Clinically relevant Lys103Asn (K103N) mutant frequently observed in HIV-1 reverse transcriptase (RT) confers drug resistance. To obtain useful structural information necessary for targeted-inhibitor design, molecular docking combined with 3D-QSAR CoMFA and CoMSIA was applied to a set of 53 structurally diverse HIV-RT inhibitors. Two strategies were applied to generate 3D-QSAR models. The first strategy is the flexibility-based molecular alignment (FMA), similar to receptor-based alignment, which samples the biological space of K103N mutant HIV-RT. FMA was conducted by docking the compounds to four structural data of mutant HIV-RT with PDB codes: 1SV5, 2IC3, 1FKP and 1FKO, which are co-crystallized according to NNRTI inhibitors such as etravirine, HBY-097, nevirapine, and efavirenz. The best superposition of the compounds to the active site of 1FKP structure suggests specific inhibition of nevirapine-resistance. The second strategy is the dataset division which employs the principal component analysis (PCA) to classify the dataset into training and test sets that yields statistically significant and robust models. The PCA design selection tool by the most descriptive compounds (MDC) outperforms the largest minimum distance (LMD) for the present dataset. Overall, the results demonstrated the feasibility of the two strategies to the present case and hold a promise for its general applicability to future QSAR studies. The generated models are predictive based on reproducible values of the predicted compared with experimental activities. Further, the complementary analysis of contour maps to the mutant HIV-RT binding site suggested the anchor points for binding affinity. The present study introduced the concept 'clamp-flex' for the rational design of targeted-inhibitor to overcome the K103N pan-class resistance mutation. The predictive models offer new insights into binding modes involving the hydrophobicity and flexibility of the active site.

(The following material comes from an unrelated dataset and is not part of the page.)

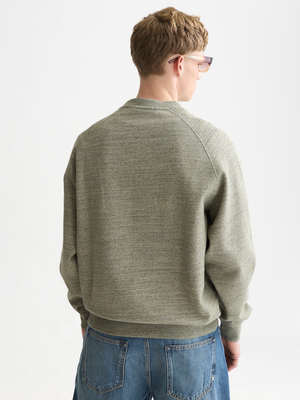 Sweat-shirt ample Mélange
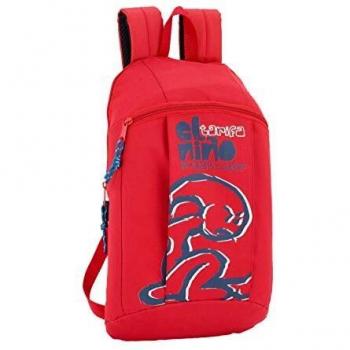 Safta El Niño Sac à Dos pour Loisirs, 39 cm de Longueur, en Coloris Bleu (Azul)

在HIV-1逆转录酶(RT)中经常观察到的具有临床相关性的Lys103Asn(K103N)突变会导致耐药性。为了获得靶向抑制剂设计所需的有用结构信息,将分子对接与3D-QSAR CoMFA和CoMSIA相结合,应用于一组53种结构多样的HIV-RT抑制剂。采用两种策略生成3D-QSAR模型。第一种策略是基于柔性的分子比对(FMA),类似于基于受体的比对,它对K103N突变型HIV-RT的生物空间进行采样。FMA是通过将化合物与具有PDB编码的突变型HIV-RT的四个结构数据进行对接来进行的:1SV5、2IC3、1FKP和1FKO,这些数据是根据依曲韦林、HBY-097、奈韦拉平和依非韦伦等非核苷类逆转录酶抑制剂共结晶得到的。化合物与1FKP结构活性位点的最佳叠加表明对奈韦拉平耐药性有特异性抑制作用。第二种策略是数据集划分,它采用主成分分析(PCA)将数据集分为训练集和测试集,从而生成具有统计学意义和稳健性的模型。对于当前数据集,由最具描述性化合物(MDC)的PCA设计选择工具优于最大最小距离(LMD)。总体而言,结果证明了这两种策略在当前案例中的可行性,并有望在未来的QSAR研究中得到广泛应用。生成的模型基于预测值与实验活性的可重复性值具有预测性。此外,对突变型HIV-RT结合位点的等高线图进行的互补分析表明了结合亲和力的锚定点。本研究引入了“钳夹-柔性”概念,用于合理设计靶向抑制剂以克服K103N泛类耐药突变。这些预测模型为涉及活性位点疏水性和柔性的结合模式提供了新的见解。